------ Recorded information

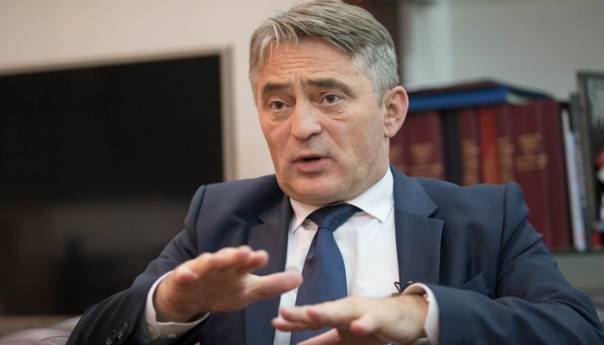 Komšić: Milanović je malo "ausswinkl", pomaknut iz ležišta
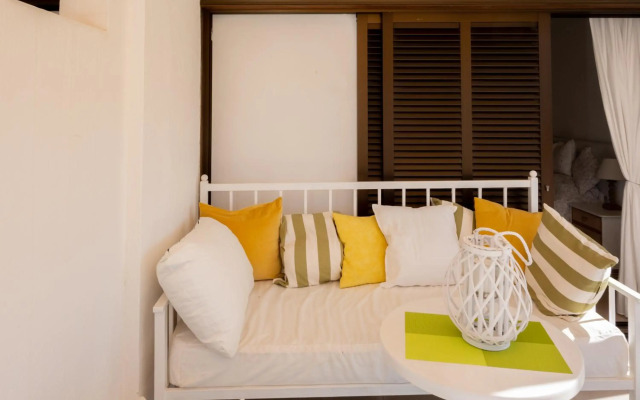 Las Carabelas 8, next to the Sea and all Amenities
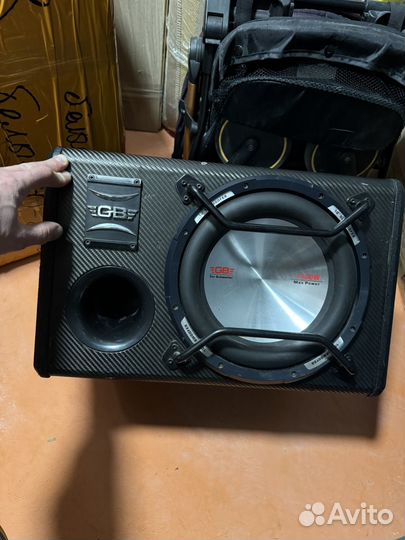 Активный сабвуфер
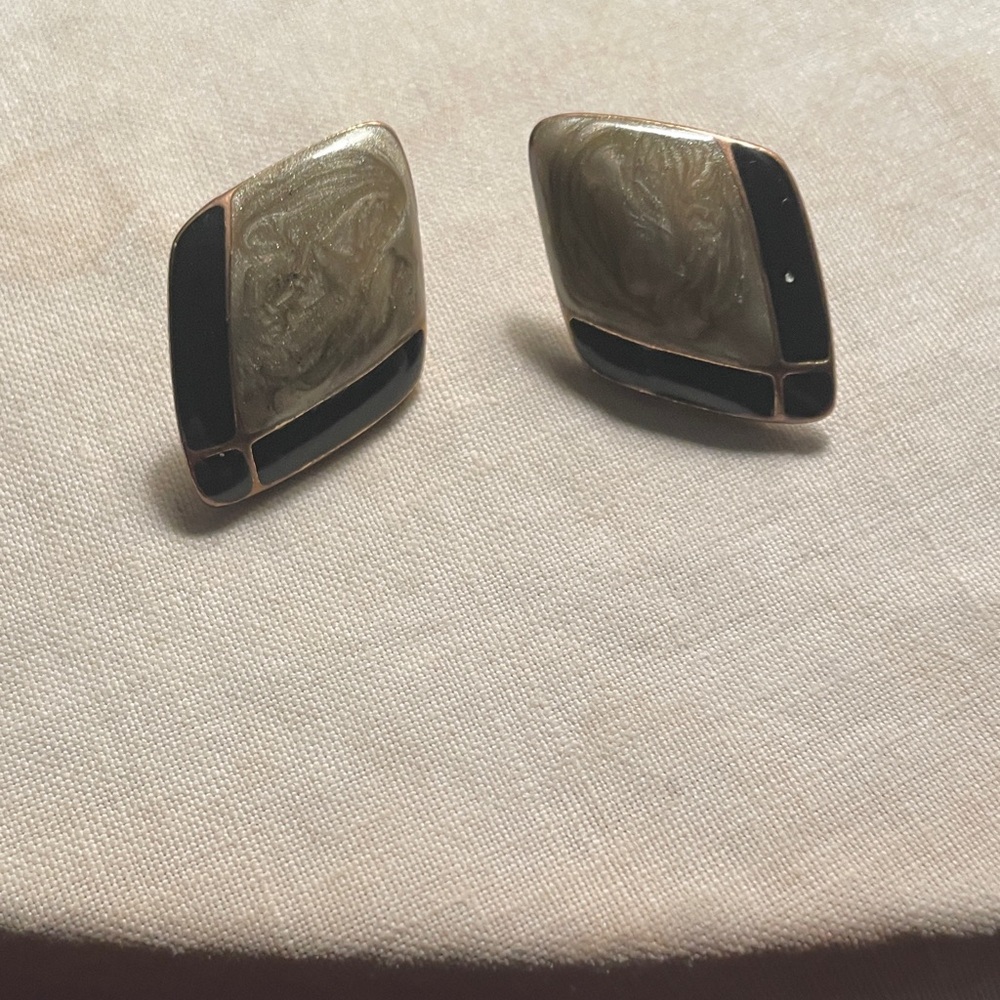 Gorgeous vintage geometric art deco earrings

------------

What to produce |
Would you mind transcribing the material exactly, without the pictures?

Result for this exercise |
 Komšić: Milanović je malo "ausswinkl", pomaknut iz ležišta
 Las Carabelas 8, next to the Sea and all Amenities
 Активный сабвуфер
 Gorgeous vintage geometric art deco earrings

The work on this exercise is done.